Amanda Poetker, a communications manager at online brainstorming and collaboration platform Stormboard, believes an internal collaboration program of some kind is a vital part of being a success at everything. Busyness isn’t the same as productivity—know the difference, and lean into the latter.
“Communication is key for good team work, especially for remote teams,” says Nick Zhou, CEO and cofounder of Everlasting Footprint, a platform that aims to preserve people’s life stories for future generations to see.
“Establish communication protocols first, and make sure everyone is following them. Run effective one-on-one meetings with your direct reports once a week. And remember that face-to-face meetings are more effective than video calls, video calls than phone calls, and phone calls than emails.”
It may seem hard to imagine a workplace where everyone is equal: by nature, employees are ranked, doing different jobs at different pay scales. But there’s an important nuance to maintaining the sense of equal treatment in an office leader’s management style.
“Every CEO has a passion, but truly every employee deserves to feel like part of something greater than themselves,” says Nicole Martin, CEO of consulting firm HRBoost. “To tap into the passion of any person, the leadership must establish a clear culture invitation. Businesses that fail to identify values and consistently live them will find talent walks with their feet.”
While employees may be doing different jobs of varying importance, all should be valued and treated as equals. Consistency is key: favoritism serves no function and can quickly erode morale.
Celebrate small and major victories, and dole out praise equally at all levels within the workplace. The easiest way to project an air of equality is to have clear, upfront policies and procedures that ensure everyone is treated fairly. Equally important is having clear, shared goals: if everyone’s working towards a common objective, everyone will feel invested with a victory in any department.

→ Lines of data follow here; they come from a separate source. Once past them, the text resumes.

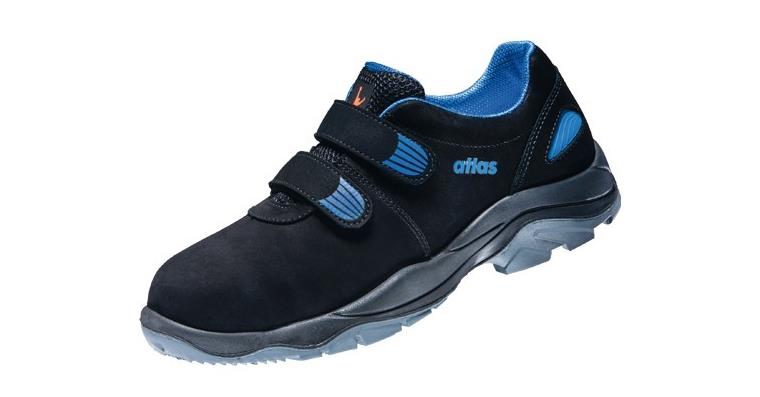 Low-cut safety shoe TX 40 S2 W10 size 47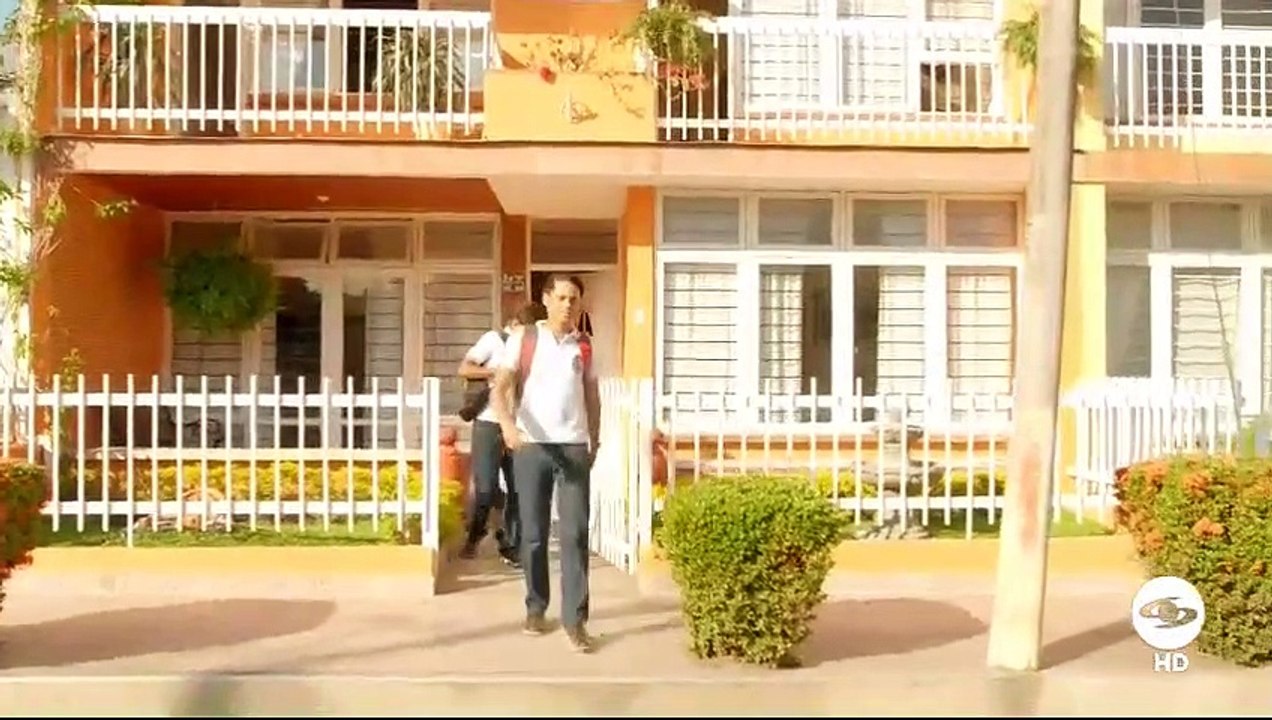 Los Morales - Capitulo 30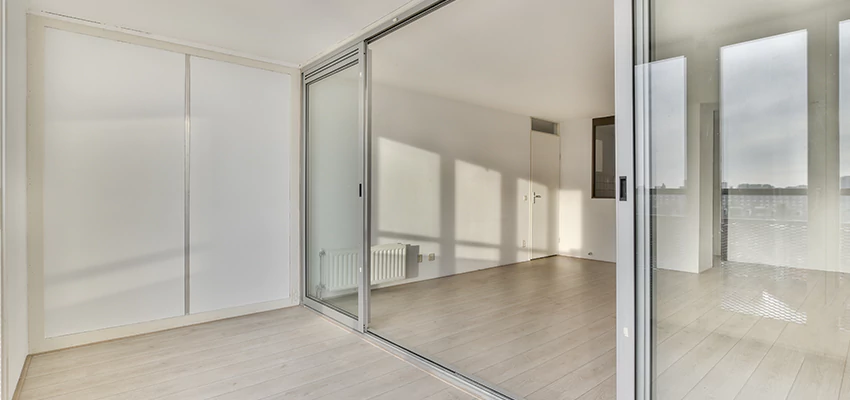 Patio Glass Sliding Door Lock in North Highlands, CA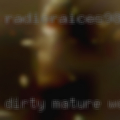 Dirty mature women Dalton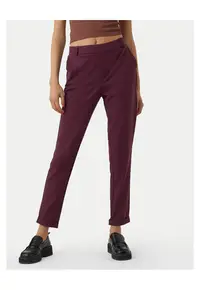 Pantaloni dama - model 10225280 - mov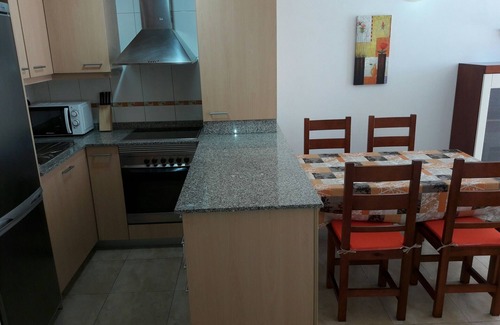 Cariño Apartamento | PRECIOSAS VISTAS AL MAR Y MONTAÑA.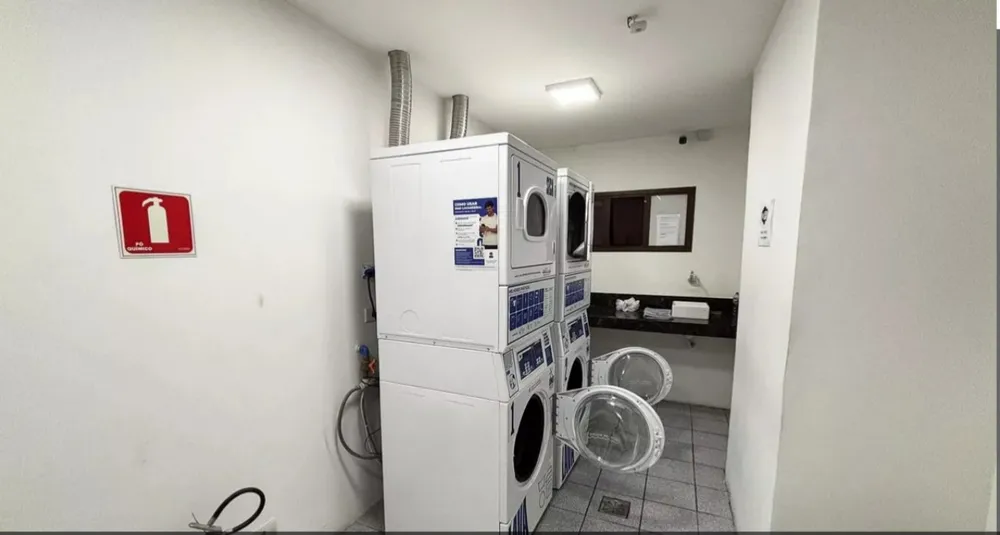 Apartamento, 1 quarto, 45 m² - Foto 8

Calibrate your measures of success so they align with the unique goals and challenges in each level of your company. For a team leader, securing a big deal may warrant major celebrations; for an individual sales rep, a single sale merits its own recognition.
It’s very possible that 99% of an office may be happy, collaborative, and productive, but a single “Negative Nancy” is souring the office climate. This person could be responsible for social drama, or may not be pulling their weight on group projects. It could be an individual, or a clique of workers making the office an inhospitable place to spend eight-plus hours a day.

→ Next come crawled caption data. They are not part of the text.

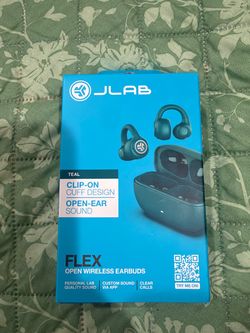 Audifonos JLAB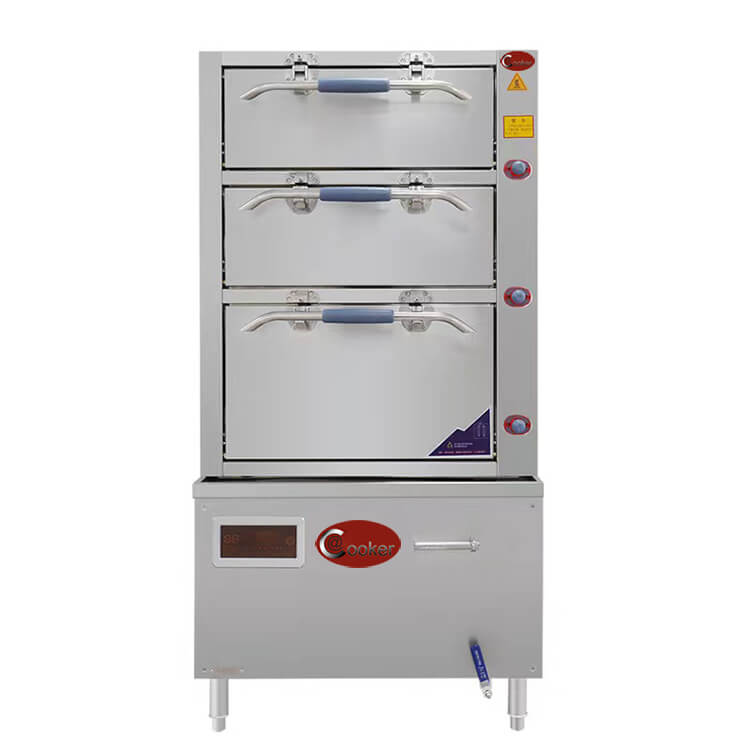 commercial food steamer commercial kitchen steamer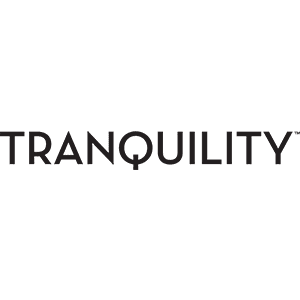 Our Client, logo Tranquility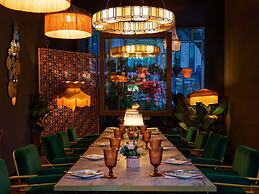 Pullman London St Pancras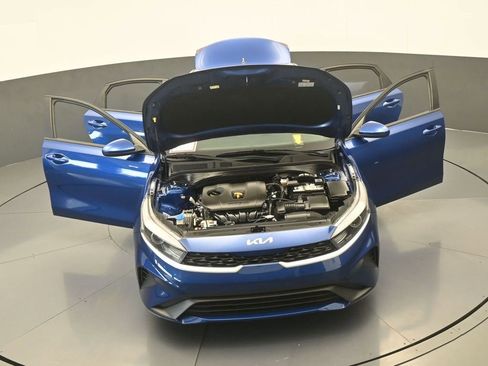Used 2023 Kia Forte LXS FWD image 63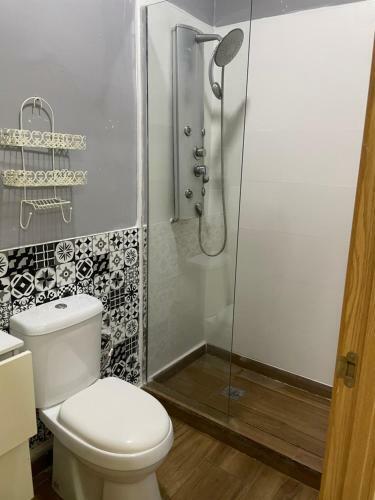 Apartamento Estudio A 7 Min de La Playa Del Paseo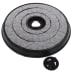 Filtre charbon rond d=233mm 11005728 origine (1 / 6)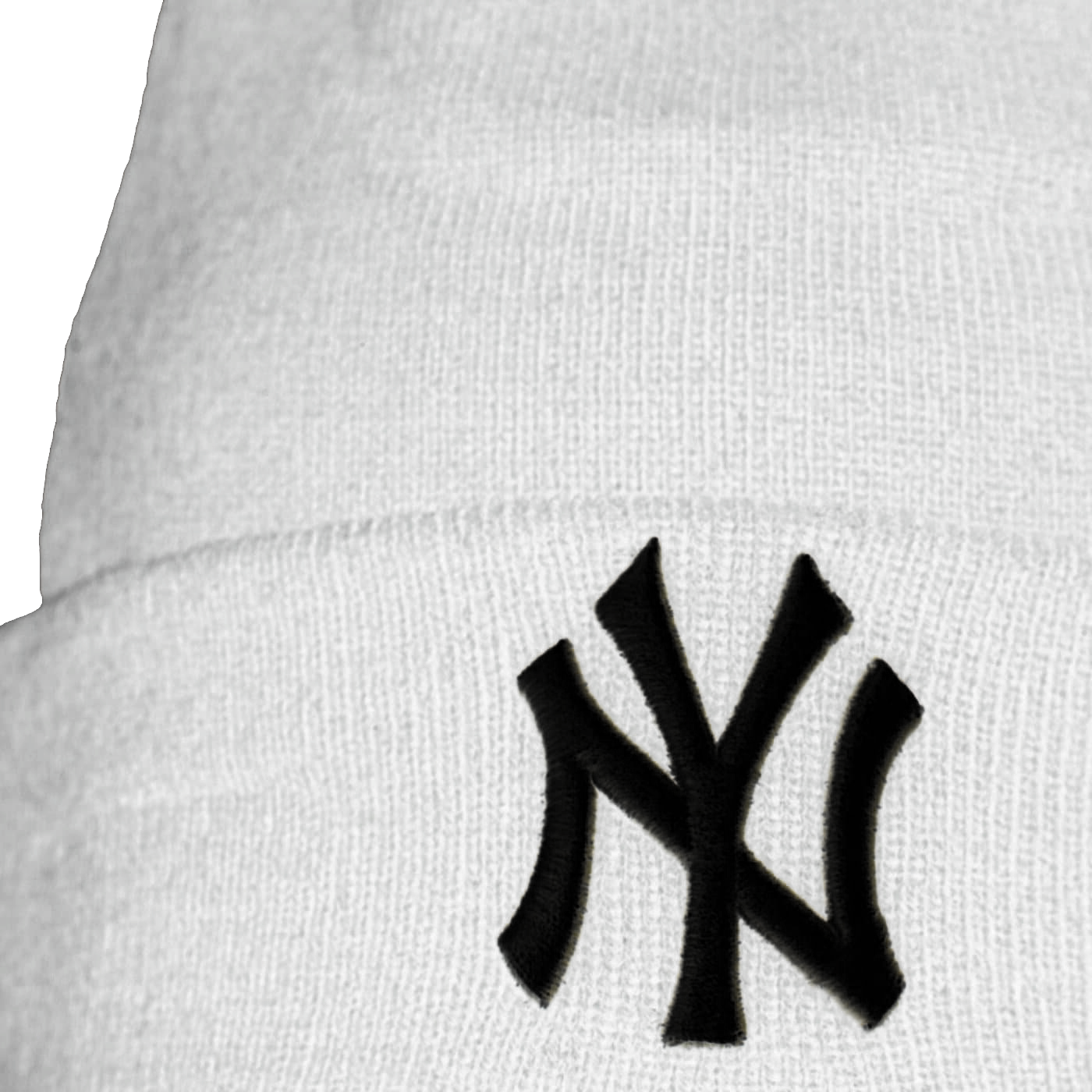 UNISEX BEANIE MLB CUFF 1624 NEYYAN (60286739-000) UNISEX BEANIE MLB CUFF 1624 NEYYAN (60286739-000)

When assessing your workplace for a bad apple, don’t neglect the top of the ladder: An ineffective leader can be the most damaging, as negative attitudes or behaviors trickle down. A leader should embody the company’s values the most—one who fails to do so can lead an entire team astray.
Invest in keeping your office leaders on the ball. Train them frequently; include them in upper-level conversations and decisions. Reassert the company’s goals constantly, and be sure to embody them at the very top of the totem pole. Let it be enthusiasm for your business’s goals that trickles down.

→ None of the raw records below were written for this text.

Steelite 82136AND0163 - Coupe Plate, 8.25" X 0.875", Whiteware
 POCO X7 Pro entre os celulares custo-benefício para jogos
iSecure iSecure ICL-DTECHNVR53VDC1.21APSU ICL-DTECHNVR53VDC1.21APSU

“Enthusiasm and commitment are contagious,” says Anthony Vinci, CEO of app Findyr. “Good managers get in before their team or leave after their team. Great managers get in before and leave after their team.”
—Barry S. Saltzman is CEO of Saltzman Enterprise Group and has more than 30 years of executive experience in both public and private global companies. During Barry’s career he led multi-million dollar turnarounds, quadrupled revenue growth, and helmed global 100 companies in the industries of IT services and software distribution. He also speaks on business strategy and is a frequent guest expert, lending his entrepreneurial acumen to audiences of aspiring business leaders.